Une autre proposition, SPHINCS+/SLH-DSA, implique l'utilisation de signatures post-quantiques basées sur le hachage, moins sensibles aux attaques quantiques. Ce système a été normalisé par le National Institute of Standards and Technology (NIST) en août 2024 sous le nom de FIPS 205. Cependant, le compromis pour cette sécurité supplémentaire est une taille de signature accrue, ce qui entraînerait une demande d'espace de bloc et des frais de transaction plus élevés. Pour résoudre ce problème, des propositions alternatives, telles que SHRIMPS et SHRINCS, ont été introduites pour réduire la taille des signatures tout en maintenant la sécurité post-quantique.
D'autres propositions, telles que le système Commit/Reveal de Tadge Dryja, visent à protéger les transactions dans le pool mémoire contre un attaquant quantique potentiel. Cette proposition implique de séparer l'exécution des transactions en deux phases : Commit et Reveal. En publiant d’abord une empreinte scellée de l’intention de transaction, puis en diffusant la transaction réelle, les utilisateurs peuvent empêcher un ordinateur quantique de falsifier une transaction concurrente pour voler leurs fonds. Cependant, cette proposition augmenterait le coût des transactions en raison de l'étape supplémentaire.
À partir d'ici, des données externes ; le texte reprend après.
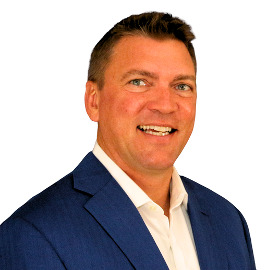 A man in a blue suit and white shirt smiles for the camera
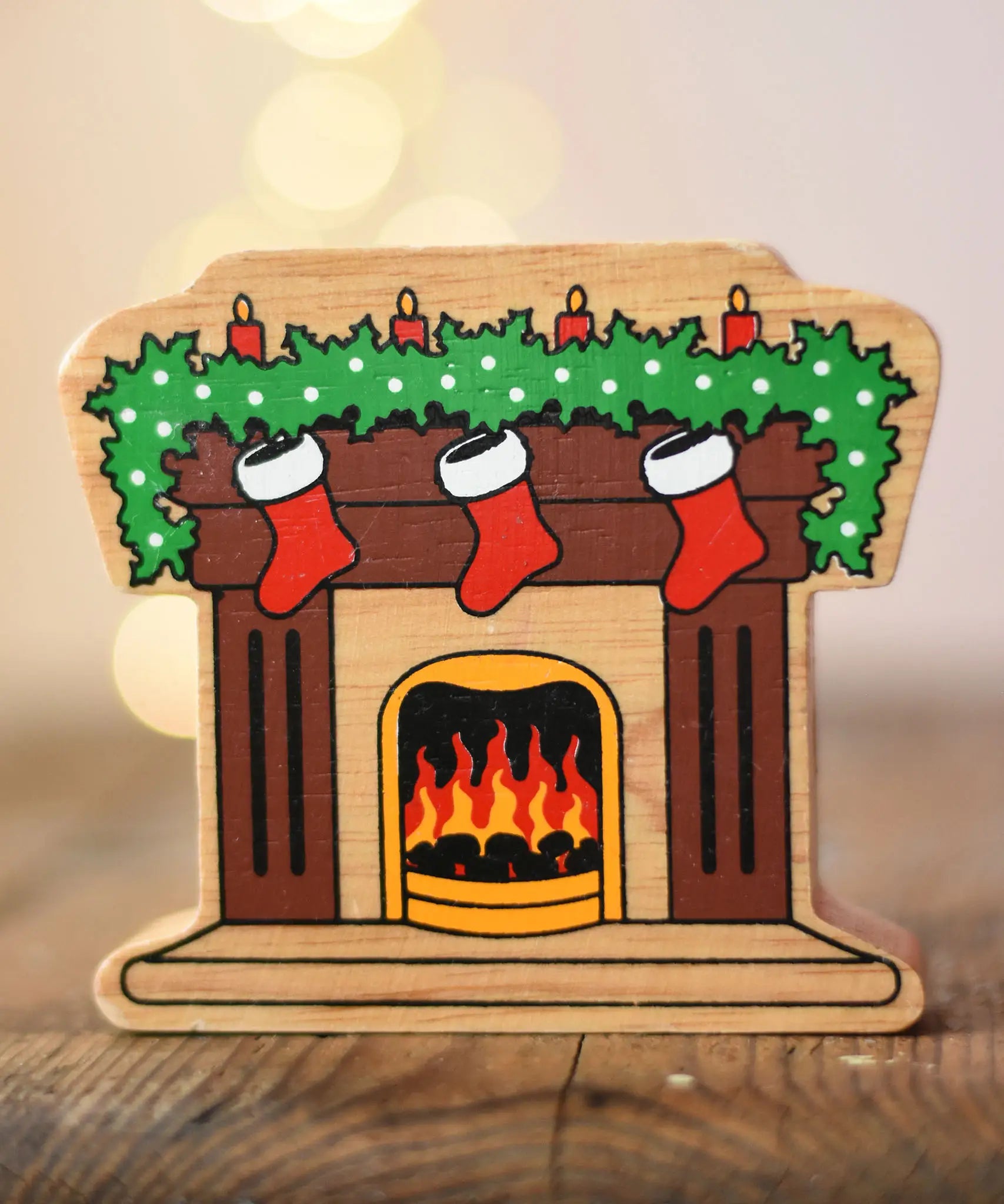 Lanka Kade festive fireplace wooden Christmas wooden toy figure. Brown fireplace with a lit fire, three red stocking hanging with a garland on the mantel decorated with 4 candles.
Une autre proposition, Hourglass V2, cible la vulnérabilité quantique liée aux 1,7 million de jetons Bitcoin détenus dans des adresses plus anciennes et déjà exposées. Cette proposition vise à ralentir l’hémorragie potentielle en limitant les ventes de ces pièces à un bitcoin par bloc, évitant ainsi une liquidation massive catastrophique du jour au lendemain qui pourrait déstabiliser le marché.
Bien que ces propositions soient encore en phase de développement, le fait qu’elles aient été introduites suggère que la question est sur le radar des développeurs depuis un certain temps. La gouvernance décentralisée du réseau Bitcoin, qui implique des développeurs, des mineurs et des opérateurs de nœuds, signifie que toute mise à niveau prendra probablement du temps à se matérialiser. Néanmoins, le flux constant de propositions visant à faire face à la menace quantique pourrait contribuer à apaiser les inquiétudes du marché et à garantir la continuité des activités.